- Work order -
Copy out the listing beneath, missing nothing.

++++ Source data ++++

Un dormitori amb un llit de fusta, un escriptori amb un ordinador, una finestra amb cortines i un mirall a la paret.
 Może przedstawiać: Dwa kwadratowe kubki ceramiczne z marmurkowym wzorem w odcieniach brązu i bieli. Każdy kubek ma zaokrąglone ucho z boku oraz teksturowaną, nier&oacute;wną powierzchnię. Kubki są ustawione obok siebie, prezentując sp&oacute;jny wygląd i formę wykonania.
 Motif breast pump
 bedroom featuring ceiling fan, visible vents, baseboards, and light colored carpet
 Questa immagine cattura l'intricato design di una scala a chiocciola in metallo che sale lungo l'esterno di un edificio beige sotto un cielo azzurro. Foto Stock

++++

- Output below -
Un dormitori amb un llit de fusta, un escriptori amb un ordinador, una finestra amb cortines i un mirall a la paret.
 Może przedstawiać: Dwa kwadratowe kubki ceramiczne z marmurkowym wzorem w odcieniach brązu i bieli. Każdy kubek ma zaokrąglone ucho z boku oraz teksturowaną, nier&oacute;wną powierzchnię. Kubki są ustawione obok siebie, prezentując sp&oacute;jny wygląd i formę wykonania.
 Motif breast pump
 bedroom featuring ceiling fan, visible vents, baseboards, and light colored carpet
 Questa immagine cattura l'intricato design di una scala a chiocciola in metallo che sale lungo l'esterno di un edificio beige sotto un cielo azzurro. Foto Stock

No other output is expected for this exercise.